By Assemblyman Will Barclay (R-Pulaski)

The Governor’s State of the State address this week primarily focused on the seriousness of the state’s fiscal situation. The speech was more subdued and void of the usual ‘rah, rah’ tone Governors have taken in years past. Instead, his speech focused on the economy, and specifically how vital it is for New York to keep a balanced budget.

I agreed with many of the Governor’s points concerning the budget. State spending has increased beyond what its residents can afford. For example, the budget last year, which I voted against, increased spending by 10 percent under his leadership. It also contained $8.2 billion in new taxes and fees. People are angry and they have a right to be angry. However, I found some of the speech difficult to sympathize with. Though I agree with the Governor that spending does need to be curbed, it must begin with the budget process and that process needs to be more open and transparent, rather than three men in a room as it has historically been, of which he has been an integral part.

That said, however, I am encouraged by the Governor’s intentions to limit spending. Our state needs to curb spending and I look forward to learning more specifically how the Governor proposes to do so. He made mention of agency consolidation in his speech Wednesday. This is a good starting point and I have advocated for this in the past. In many instances state offices could be streamlined to better serve residents.
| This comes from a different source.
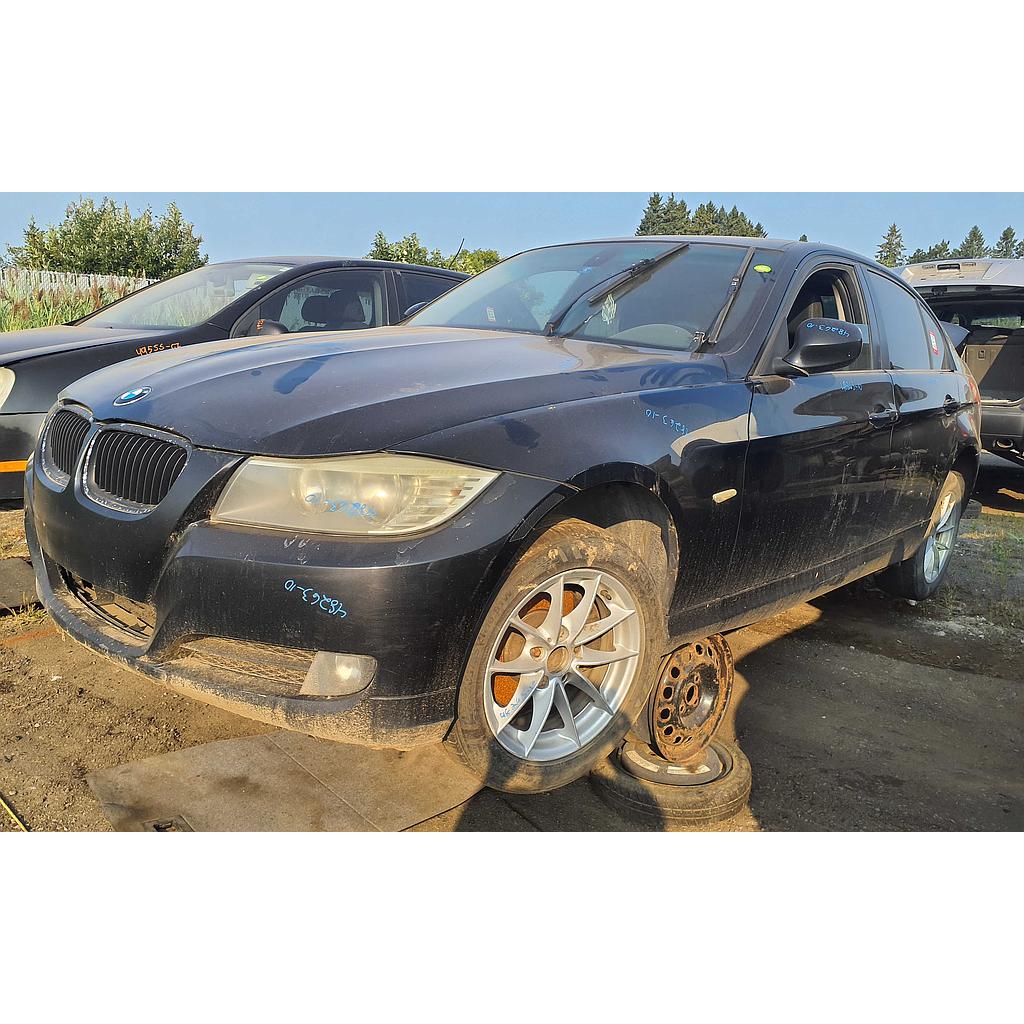 BMW 323 2010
For example, by combining the Office of Real Property Services with the Department of Tax and Finance, we could save more than $5 million. Unfortunately his speech lacked other specific details on how to save taxpayers money.
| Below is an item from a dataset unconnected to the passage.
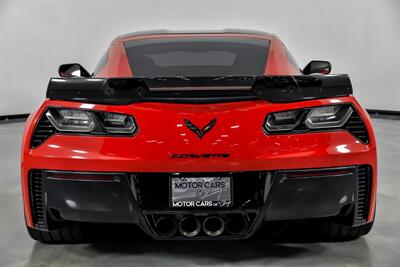 2016 Chevrolet Corvette Z06-3LZ-$30K MODS   - Photo 11 - Joliet, IL 60435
The plan for job creation the Governor spoke of is a step in the right direction. The Governor proposes a “Research and Development” tax credit to support a broader number of investment categories in the field of technology and energy research and to create an “Enhanced Investment” tax credit for financing new capital ventures.

These are good ideas; however, he speech did not include a commitment to existing businesses. For example, he said he will allow the Empire Zone Program to expire on June 30. Though it will be replaced with another jobs program called Excelsior, this program will support businesses in specific fields such as clean energy development, biotechnology and information technology. This policy does not support existing small businesses and manufacturers. We have many businesses here that, in some cases, have moved here because of Empire Zone tax breaks. To eliminate the Empire Zone tax breaks will, unfortunately, add more reasons to their list of why they should do business elsewhere.
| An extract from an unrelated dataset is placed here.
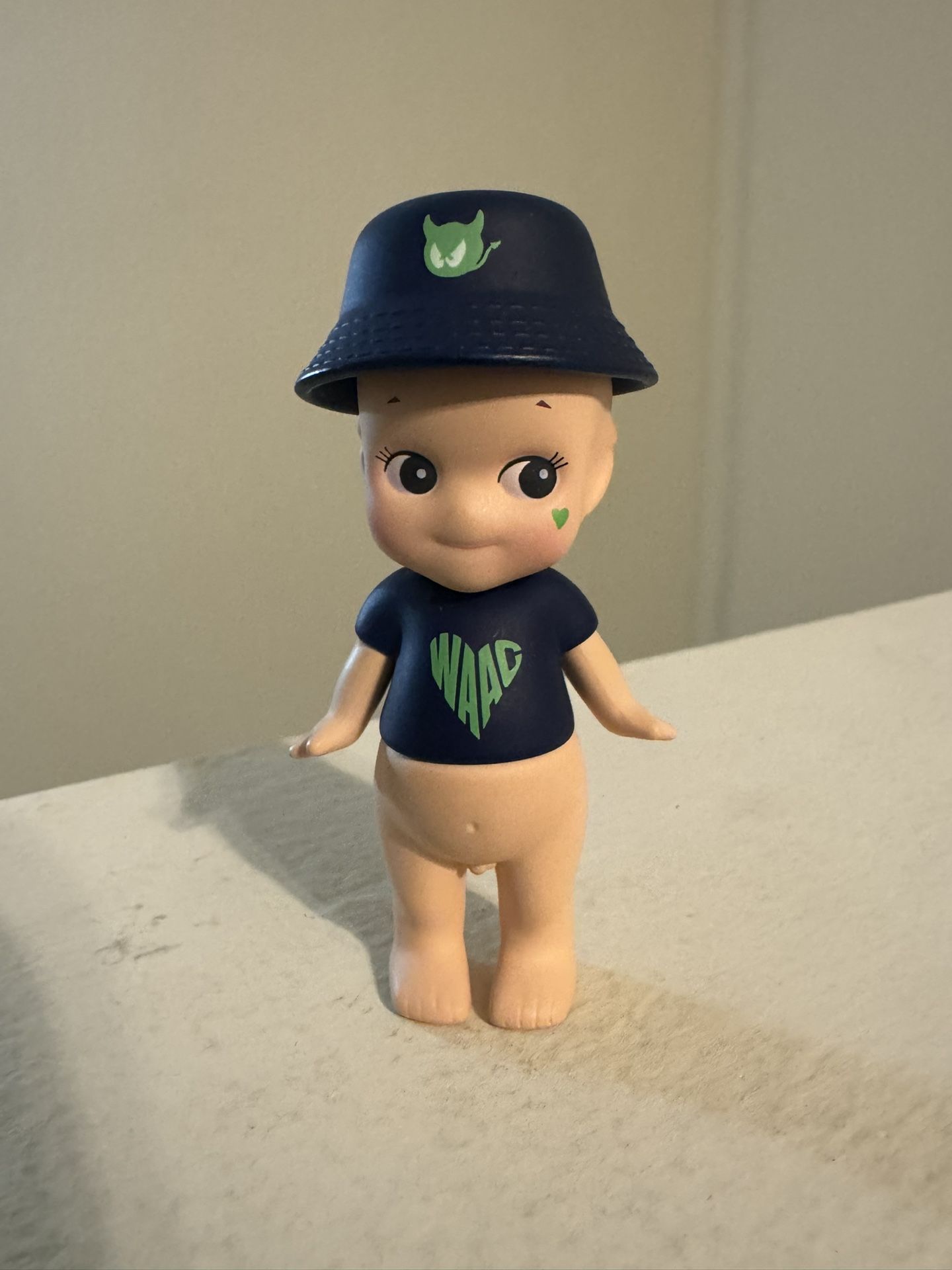 Sonny Angels WAAC Series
With simple policy changes that take tax burdens away from residents and businesses, we can keep and attract residents and businesses in Upstate. By reducing energy costs, creating new sources of clean energy, and eliminating harmful energy taxes, we can make our state more inviting to businesses. The housing is here and our schools are among the best in the country. I am hopeful we can make the new year one of reform?one void of budget gimmickry, new taxes and fees.